Es cierto que la caricatura anterior hace parte de la cultura colombiana y no es censurable que así sea. Lo grave es que la sociedad y su gobierno reduzcan la cultura colombiana solo a eso. Claro que el folclor hace parte de la cultura, pero la cultura no se reduce al folclor, y eso es justamente lo que han venido haciendo los gobiernos de Colombia en forma sistemática durante las últimas décadas con el beneplácito del “mundo de la cultura”.
Es urgente superar un concepto tan pobre sobre la cultura. La visión cultural en Colombia debe trascender del mundo de las artesanías y la gastronomía al espacio de la literatura, la historia y las bellas artes. Ello no implica despreciar nuestro lindo folclor, pero si trascenderlo, verlo como parte del todo cultural y no como el todo.
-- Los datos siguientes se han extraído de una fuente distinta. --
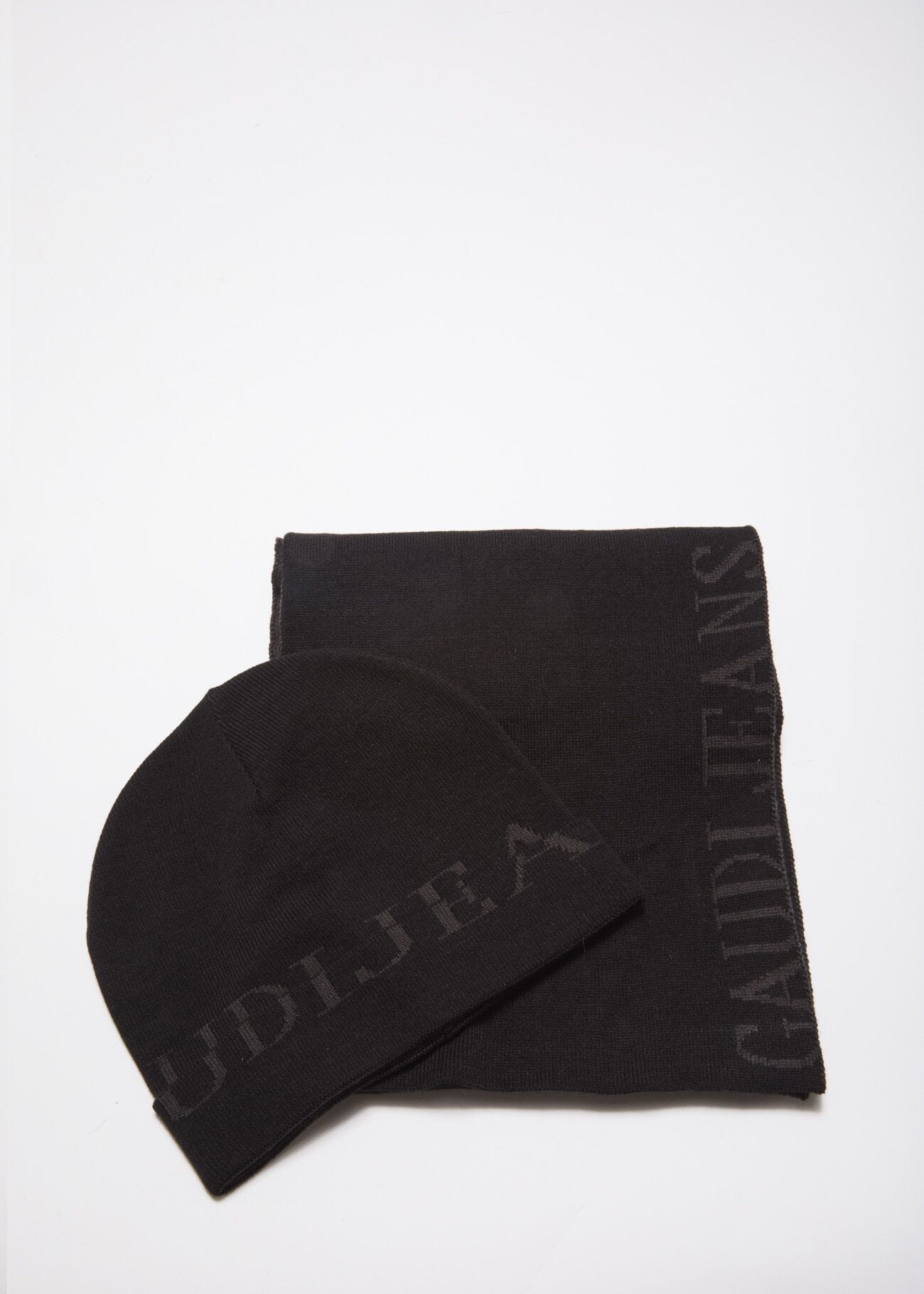 Scarf and hat set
El diccionario define la cultura como el “Conjunto de modos de vida y costumbres, conocimientos y grado de desarrollo artístico, científico, industrial, en una época, grupo social” en otra acepción la define como sigue: “Conjunto de las manifestaciones en que se expresa la vida tradicional de un pueblo.” Una definición quizás más antropológica podría ser así: “Conjunto de tradiciones puestas en práctica por una determinada comunidad”. Con una leve excepción en la primera definición, ninguna de las anteriores supone una jerarquización valorativa entre el conjunto de dichas tradiciones o costumbres. Hasta acá, vale tanto el ruido de unos tambores como el sonido de una sinfonía y tienen valor equivalente una escultura renacentista con un tótem del paleolítico.
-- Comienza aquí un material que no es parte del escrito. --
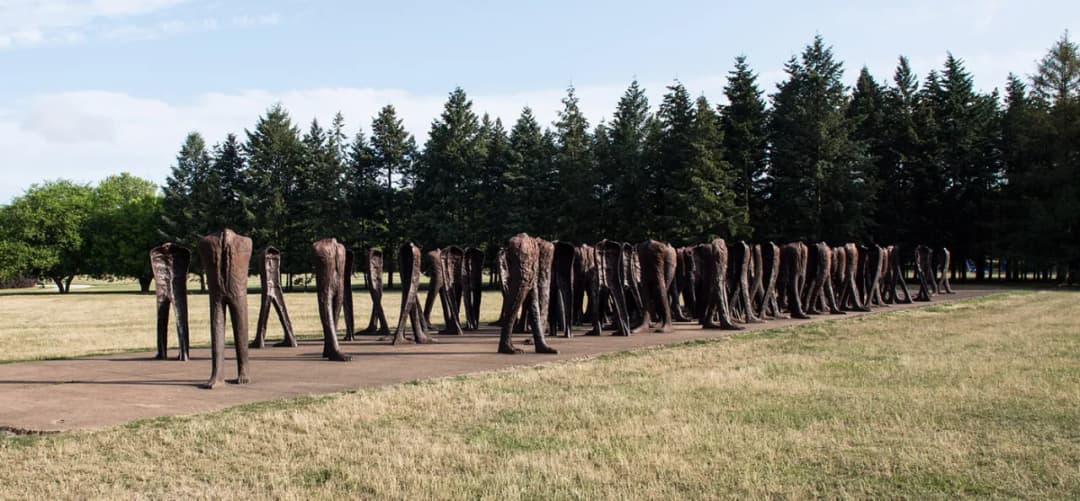 Rzeźby Nierozpoznani Magdaleny Abakanowicz: Tajemnice i znaczenie w Poznaniu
Con el triunfo del relativismo en las humanidades, en el occidente actual se evita jerarquizar valores y en cambio se procura tener para la cultura una definición lo más amplia y relativa posible. Ello explica que en Colombia tengamos la visión tan limitada sobre cultura que traté de caricaturizar antes. Si cualquier práctica constituye cultura, cualquier cosa –por vulgar o pequeña que sea- será susceptible de estar incluida dentro de nuestro abanico cultural. Con los raceros actuales, todo puede presentarse – y en efecto todo se presenta- como manifestación cultural. Prueba de ello es el festival iberoamericano de teatro, las telenovelas, las separatas culturales de los periódicos o hasta los versos que Julio Sánchez declama en su emisora de radio. Desde las obras teatrales con las que Fanny Mikey reemplazó las procesiones de la Semana Mayor hasta los bailes con que unos portorriqueños reemplazaron a Lucho Bermúdez, las manifestaciones culturales que se promocionan en Colombia tienen tres comunes denominadores: son mediocres, banales y vulgares. No es que la cultura no tengo su faceta mediocre, banal y vulgar, pero las artes dignas de promocionar no deberían tenerla.

¿Quién soy yo para juzgar que esas telenovelas u obras teatrales merezcan tan duros calificativos? Con una visión relativista, nadie. Desde una perspectiva absoluta, alguien que acude a un decálogo ético y estético preestablecido (en mi caso particular, el occidental cristiano) y lo aplica para establecer el grado de altura ético y estético de cualquier tradición cultural. Siempre me han conmovido los valores éticos que de acuerdo a William Faulckner deberían inspirar la acción literaria (y para este caso, la acción cultural en general): amor, honor, piedad, compasión y sacrificio. Las “virtudes y verdades eternas del corazón – dice el nobel sureño- sin las cuales toda historia es efímera y será condenada”[1] Creo que en el mismo sentido, T.S Eliot ofreció al mundo la mejor definición de cultura: “Culture may even be described simply as that which makes life worth living” o “cultura puede describirse como aquello que hace que valga la pena el paso por la vida”


[1] Ver el discurso que W. Faulckner pronunció cuando ganó el premio nobel de literatura.